If you’ve got a few hundred thousand dollars to spare annually and the desire to have an amphitheater bear your name, the City of Raleigh wants to make a deal. Last week, North Carolina’s Alcoholic Beverage Control Commission rejected a request by the city and local beer distributor Harris Wholesale to name the new $2.5 million, 5,500-capacity Raleigh Amphitheater and Festival Site for Bud Light.

The deal would have earned the city $1.5 million over the next five years; now, unless the amphitheater’s management at Raleigh Convention Center can find a new sponsor, and fast, that burden might return to taxpayers.

“I thought it was admirable that we were trying to save taxpayers money,” Raleigh Convention Center Director Roger Krupa said after the decision, “and I thought it was admirable that there were people worried about substance abuse.”

The name would have set a precedent for the state, which strictly limits public alcohol advertising on the exterior of facilities that sell alcohol and, with Wednesday’s decision, has yet to allow a public space to be named for a brand of alcoholic beverage.

“The Alcoholic Beverage Control Commission is not here to condemn alcohol as an industry, but we are here to regulate the alcohol industry,” said ABC Commission Chairman Jonathan Williams. “And it’s a highly competitive industry. The dynamics of opening up this kind of competition in the advertising field would be difficult to contain.”

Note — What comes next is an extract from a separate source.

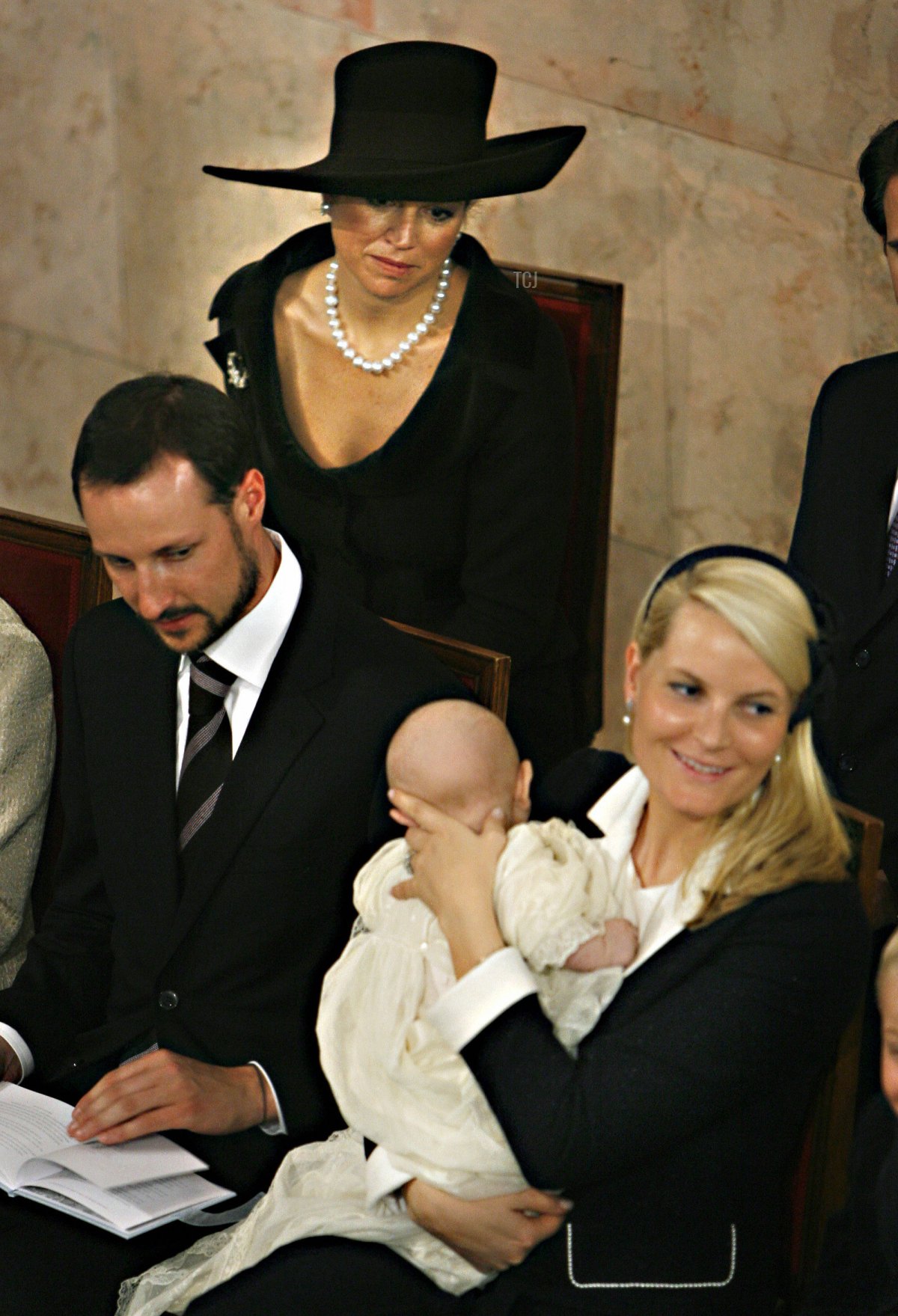 Norwegian Prince Sverre Magnus (C) sits ins his mothers, Crown Princess Mette-Marit's (R) arms as his father Crown Prince Haakon (L) and his god mother Princess Maxima (2L) of The Netherlands is look on during the baptism ceremony in the Chapel at the Royal Palace in Oslo 04 March 2006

And so the convention center remains in the difficult position of finding a sponsor with deep pockets in a struggling economy and nearly three weeks into the amphitheater’s inaugural season. Krupa said they’re on the trail: An hour after the ABC Commission delivered its decision, the city issued a press release”City seeks other naming rights opportunities for downtown amphitheater”in which Raleigh Mayor Charles Meeker pledged that other sponsors were being pursued. Krupa said he returned immediately to his office last week after hearing the verdict and re-established connections with bygone bidders. A handful are interested in moving forward, Krupa said, though some aren’t interested in the full $300,000 annual commitment.

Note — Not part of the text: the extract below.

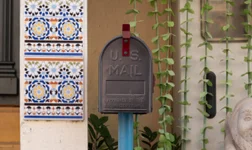 US Mail box in front of a house with tiled walls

“I got a quick response from one person, and he said, ‘I’ll give you X.’ I said, ‘Oh, no, no, we don’t want that.’ It was a fire sale number,” Krupa explained, laughing. “I don’t think we’re interested in selling at a lesser number right now.”

Krupa did seem flexible, though, refusing to rule out the idea of sponsorship split among several partners or, if no one secures the naming rights by next year, simply allowing a company to put their brand on a series, as Harris Wholesale did for Bud Light Presents Raleigh Downtown Live.

And Harris isn’t out of the picture either, said Krupa. Though the beer distributor can’t sponsor the entire venue per last week’s decision, they will be involved with the amphitheater in some fashion. How, though, depends on who eventually emerges as the sponsor.

“Each company will want something in value. Will they want media value? Will they want presenter value? Do they want access to performers? Will they want seats? Will they want signage?” Krupa said, explaining that the city is willing to work with potential sponsors to satisfy them. “It depends on who the players are left at the table in the next few weeks.”

Krupa said he’s not anxious about the lack of sponsorship and that the ABC Commission’s decision doesn’t anger him. Seven people spoke against the potential sponsorship deal at last week’s hearing, including three Raleigh high school students paid by Youth Empowerment Solutions, a statewide organization that opposes alcohol and tobacco advertising. Both Krupa and Assistant Director Doug Grissom attended the meeting, and more than 55 percent of about 1,600 respondents to a City of Raleigh survey said they supported the name. No one spoke on behalf of Raleigh Convention Center, though.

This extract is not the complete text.